The fight for women’s reproductive rights continues as states across the nation work fast to sign laws that will restrict or potentially ban abortion. Black and Brown women could feel the brunt of the storm, as abortion rates tend to be higher for the groups in comparison to white women.
Data published by the CDC in 2018 found that abortion rates among Black women were 3.4 times higher than white women. The report reflected a similar trend among Hispanic women, with abortion rates soaring to 1.7 times higher than that of their white female counterparts. Researchers believe that the numbers could reflect socio-economic issues like financial barriers that prevent women of color from affording effective contraception such as condoms or birth control prescriptions. 92 percent of abortions are performed within the first 13 weeks.
Life also presents a number of challenges for women. The Guttmacher Institute wrote in their 2015 report that “relationship changes, moving or personal crises” can also impact a women’s decision to continue or refrain from taking preventative pregnancy measures. Some women have cultural and linguistic barriers that could impact their decision to use contraception.
One thing rings loud and clear, there’s a war on reproductive rights happening right in front of our eyes. On Sept. 1, 2021, women in Texas protested after Senate Bill 8, commonly known as the six-week abortion ban, was enacted. The strict measure now gives private citizens the right to sue anyone who assists a woman seeking to have an abortion after six weeks of pregnancy. The stringent bill also allows for an individual to sue an abortion facility and even healthcare officials who attempt to perform the procedure.

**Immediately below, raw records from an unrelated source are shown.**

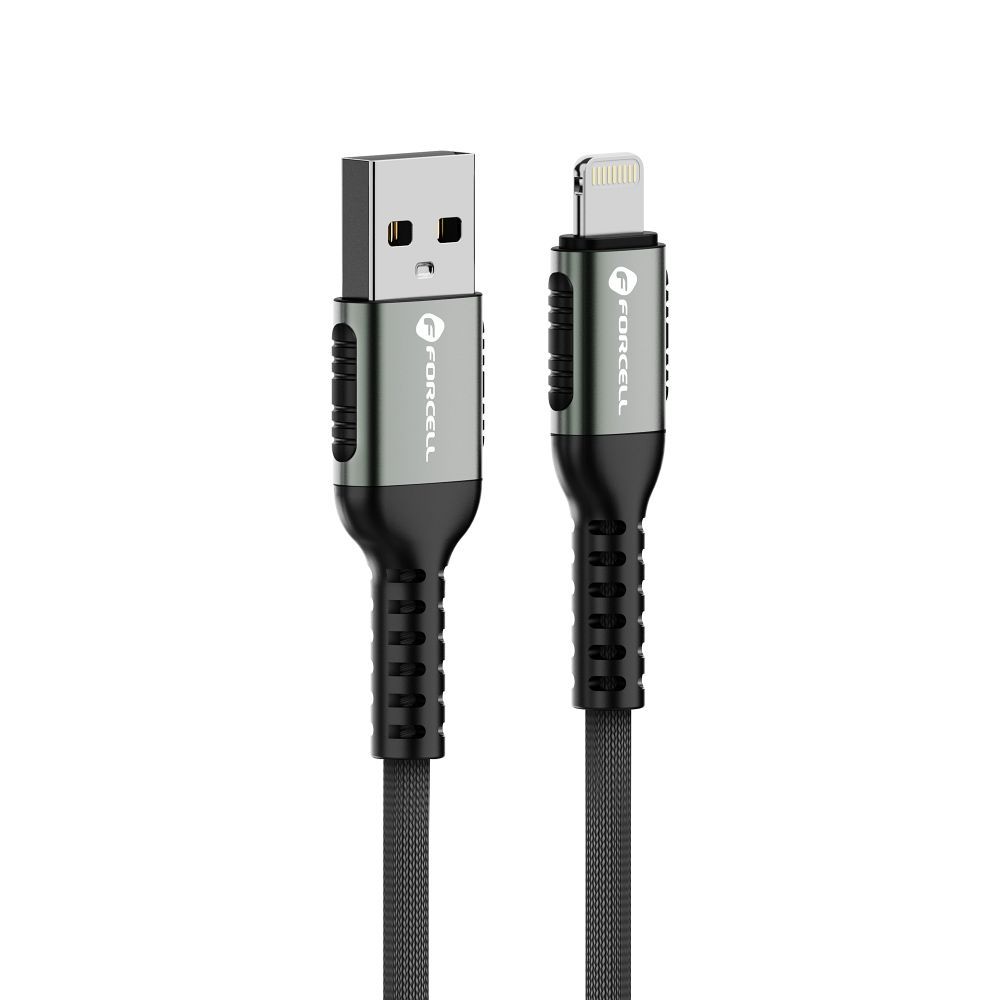 Forcell F-Energy C257 - Lightning / USB fekete szövetkábel, 2,4A / 12W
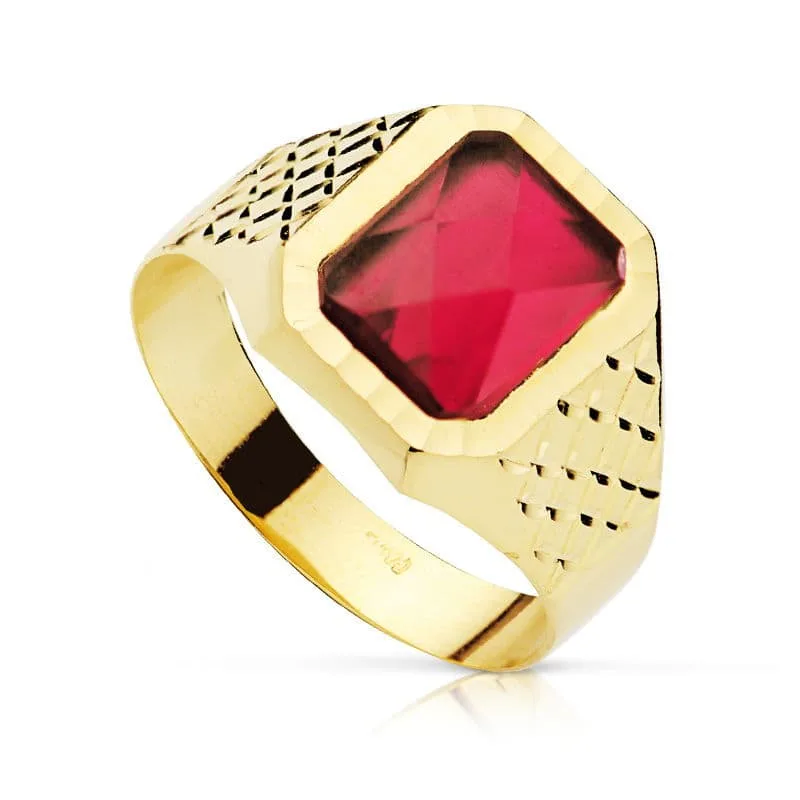 9K SELLO ORO AMARILLO CADETE PIEDRA 9X7 MM RUBI SPINEL TALLADO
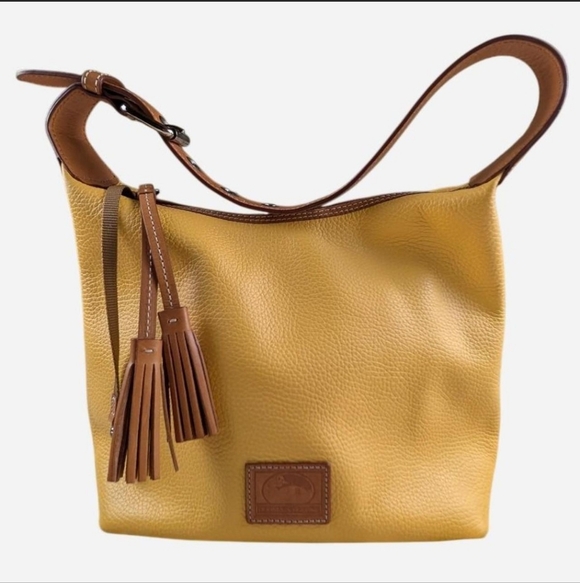 Dooney & Bourke Handbags - Dooney‎ and Bourke yellow pebbled leather hobo bag flaws 2010s Preppy Dopamine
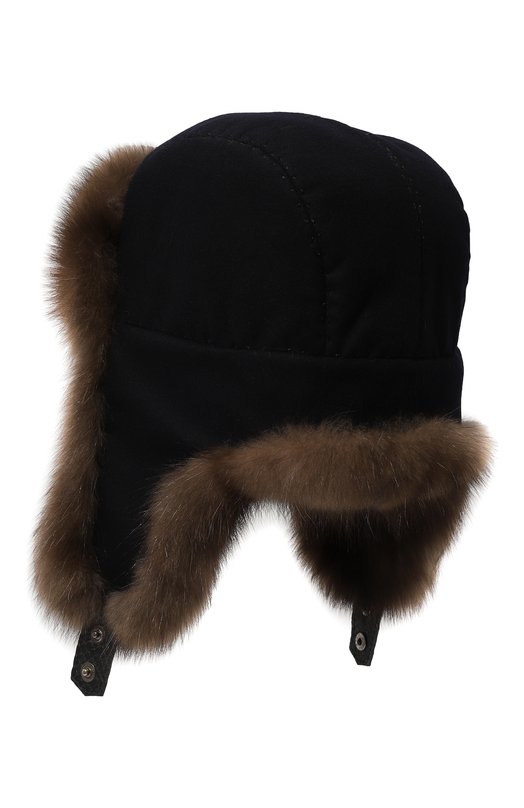 Шапка-ушанка с отделкой из меха соболя Майкл FurLand 0201414210015100003 Коричневый  0201414210015100003 Фото 2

Similarly, in Mississippi, Republican lawmakers are fighting tooth and nail with the Supreme Court to keep the state’s 15-week abortion law that would totally ban abortions for all women after 15-weeks of pregnancy. Mississippi’s Republican-led legislature briefly enacted the law in 2018, but it never went into effect because the federal appellate court blocked it from being enforced. Lawyers representing the state argue that the Constitution doesn’t support abortion and that it’s “egregiously wrong,” The New York Times noted. This will now force the Supreme Court to consider whether to peel back or completely overturn the historic 1973 ruling of Roe Vs. Wade that gave women the constitutional right to have an abortion. Mississippi argues that the rule doesn’t take into account the state’s right to regulate the procedure.
Women of color living in states with strict abortion laws are now turning to the abortion pill as an alternative but soon the loophole could be closed. Back in December, Texas-based a tough law called SB 4, that could penalize medical facilities that prescribe abortion pills by mail or telehealth. Culprits could face up to $10,000 in fines or possible jail time. The strict law also “narrows the legal window for medication abortion to the first seven weeks of pregnancy,” according to KHN.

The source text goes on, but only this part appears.